Below are some records. Write out exactly their lines from the one with "Silver Geometric Link" through the one with "le chateau Glitter", and leave the pictures behind.
***** Data shown
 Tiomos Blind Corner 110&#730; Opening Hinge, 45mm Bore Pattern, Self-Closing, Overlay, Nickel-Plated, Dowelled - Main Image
**********
***** Data shown
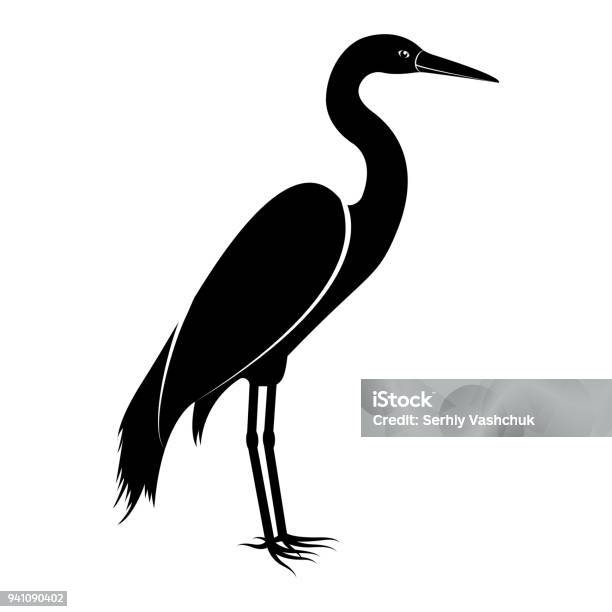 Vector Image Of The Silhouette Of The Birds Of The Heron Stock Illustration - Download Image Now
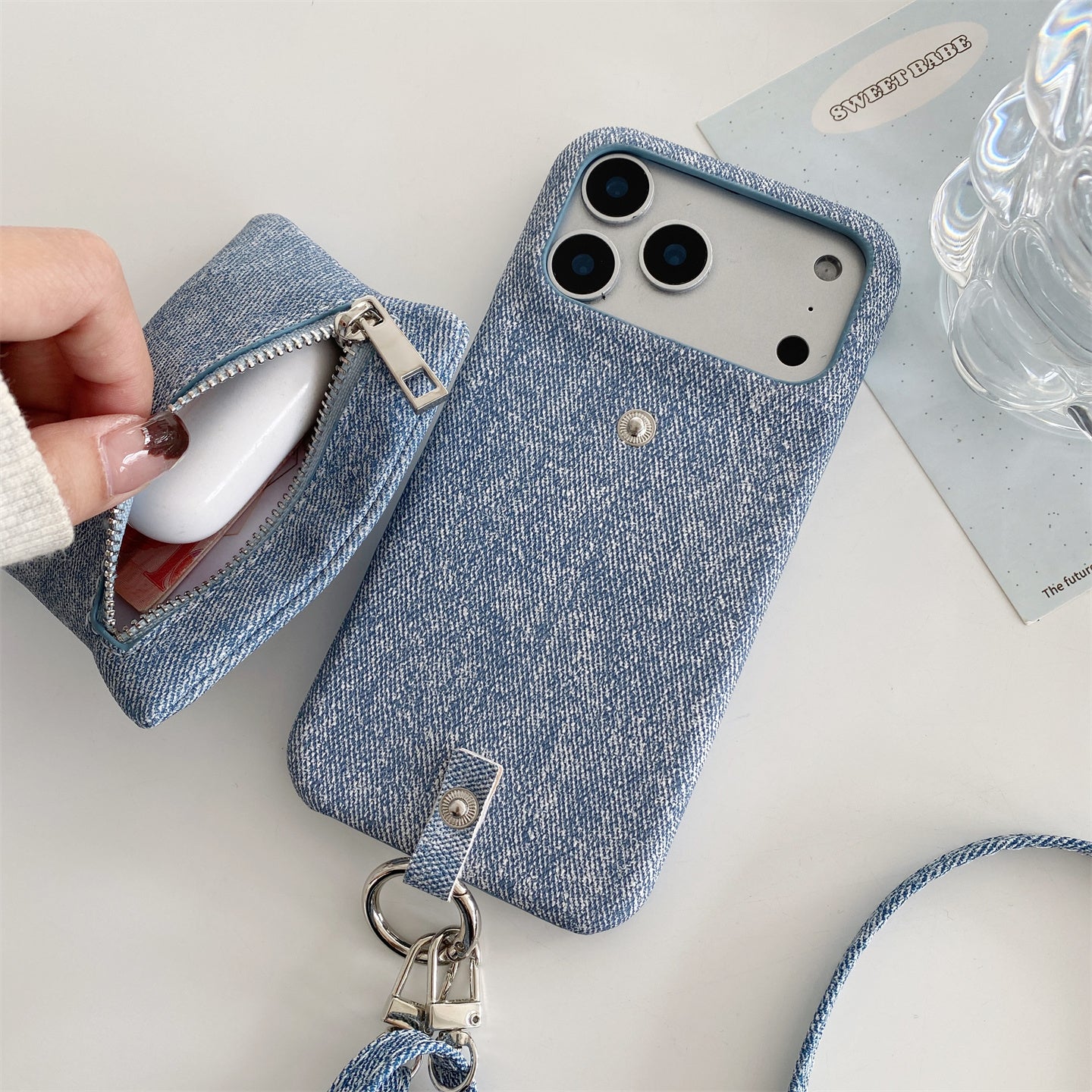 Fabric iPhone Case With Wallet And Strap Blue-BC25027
**********
***** Data shown
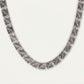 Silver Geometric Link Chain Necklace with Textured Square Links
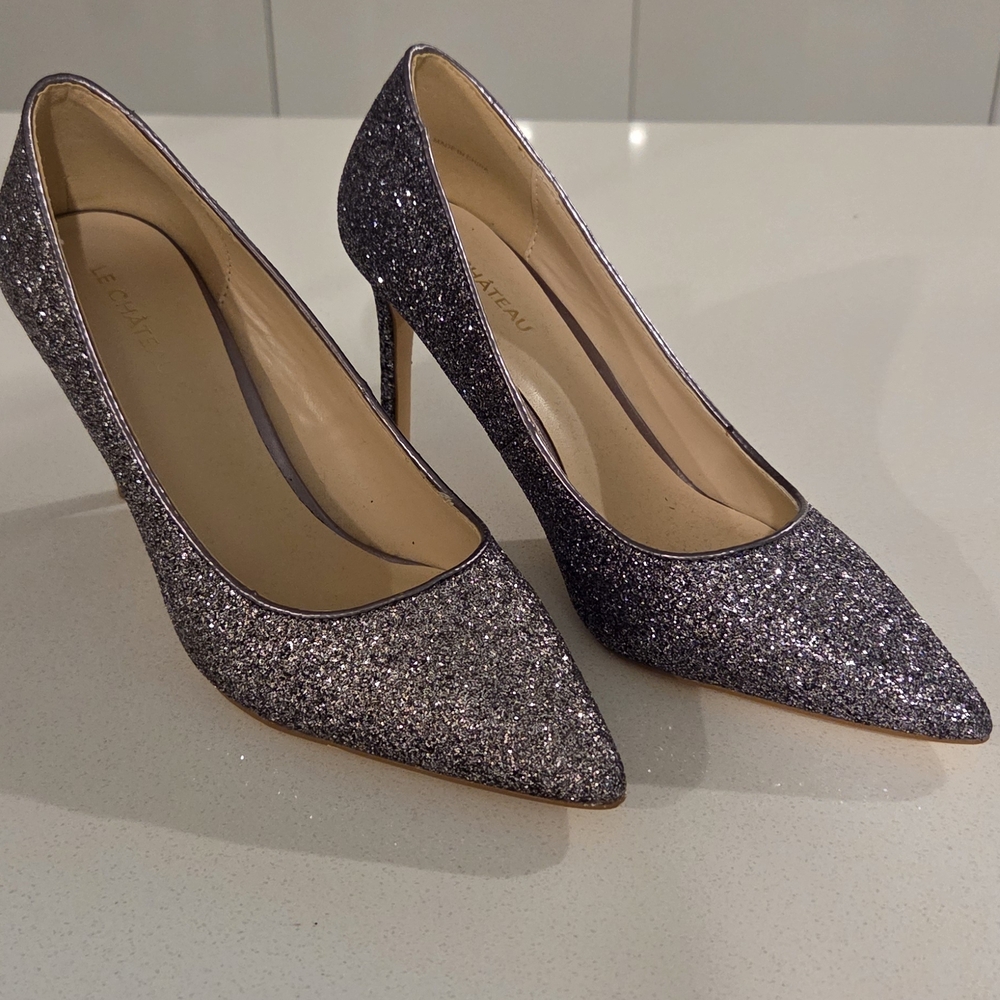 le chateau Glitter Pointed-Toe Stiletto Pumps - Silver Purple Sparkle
**********
- Exercise result -
 Silver Geometric Link Chain Necklace with Textured Square Links
 le chateau Glitter Pointed-Toe Stiletto Pumps - Silver Purple Sparkle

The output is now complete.